Data provided Block Start

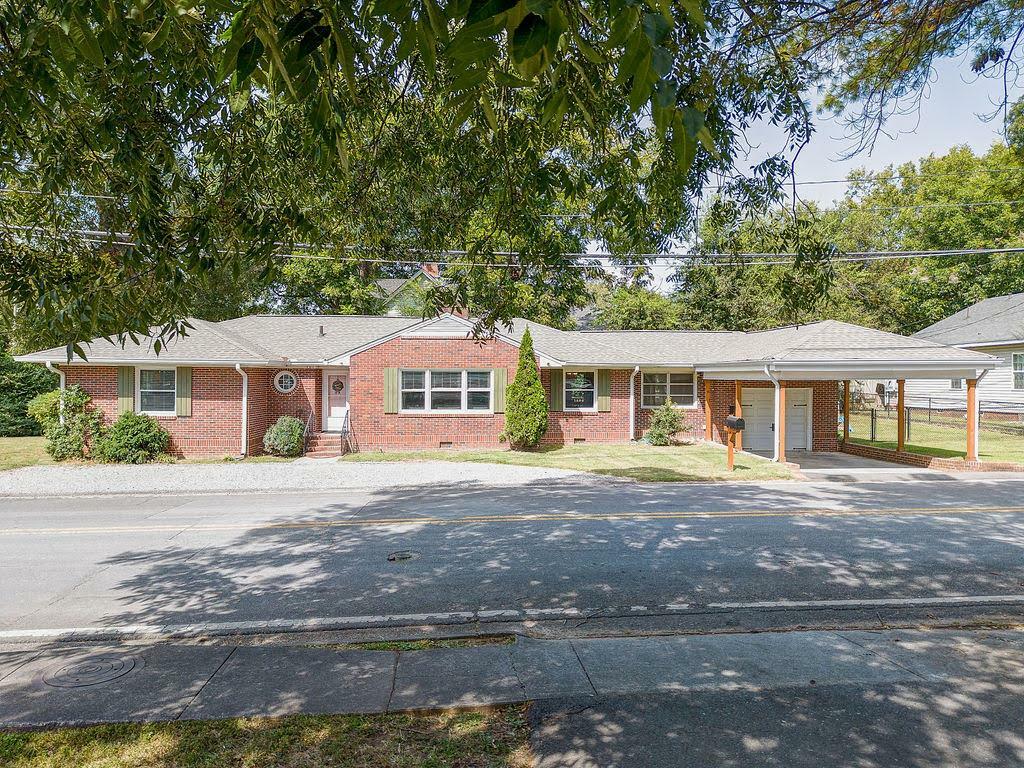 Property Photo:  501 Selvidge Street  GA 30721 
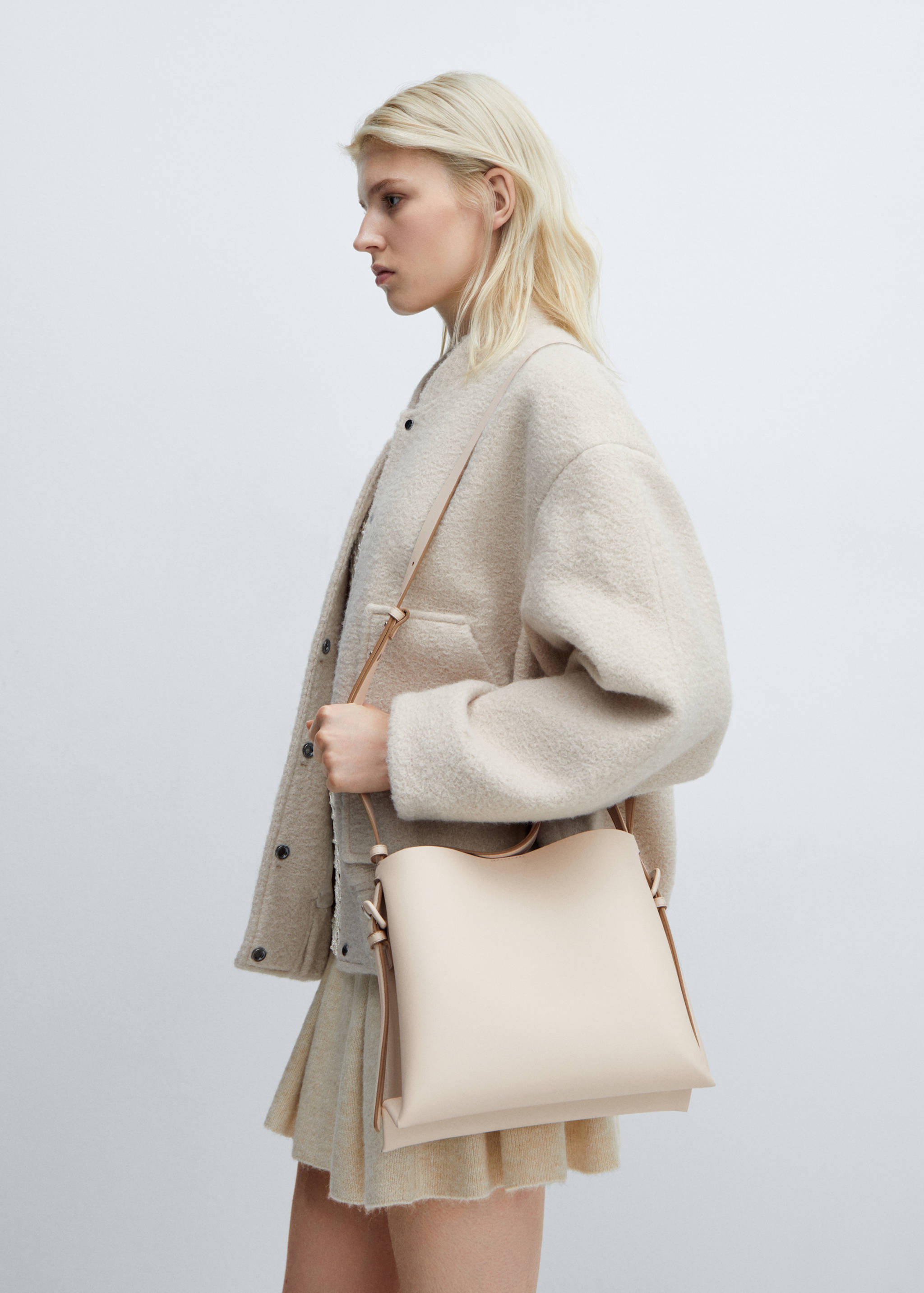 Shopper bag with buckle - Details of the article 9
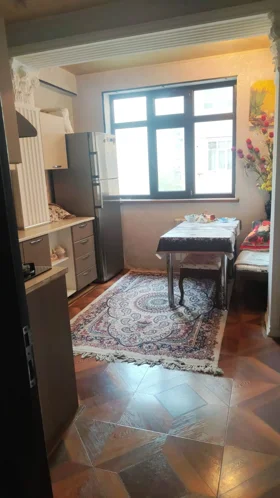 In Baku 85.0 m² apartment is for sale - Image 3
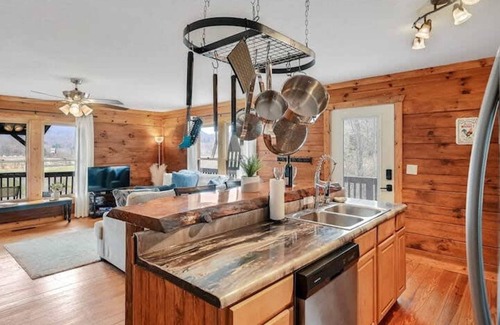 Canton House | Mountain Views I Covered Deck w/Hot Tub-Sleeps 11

Data provided Block End

• _Problem statement_
Omitting all pictures, set the listing down exactly.

• _Written response_
 Property Photo:  501 Selvidge Street  GA 30721 
 Shopper bag with buckle - Details of the article 9
 In Baku 85.0 m² apartment is for sale - Image 3
 Canton House | Mountain Views I Covered Deck w/Hot Tub-Sleeps 11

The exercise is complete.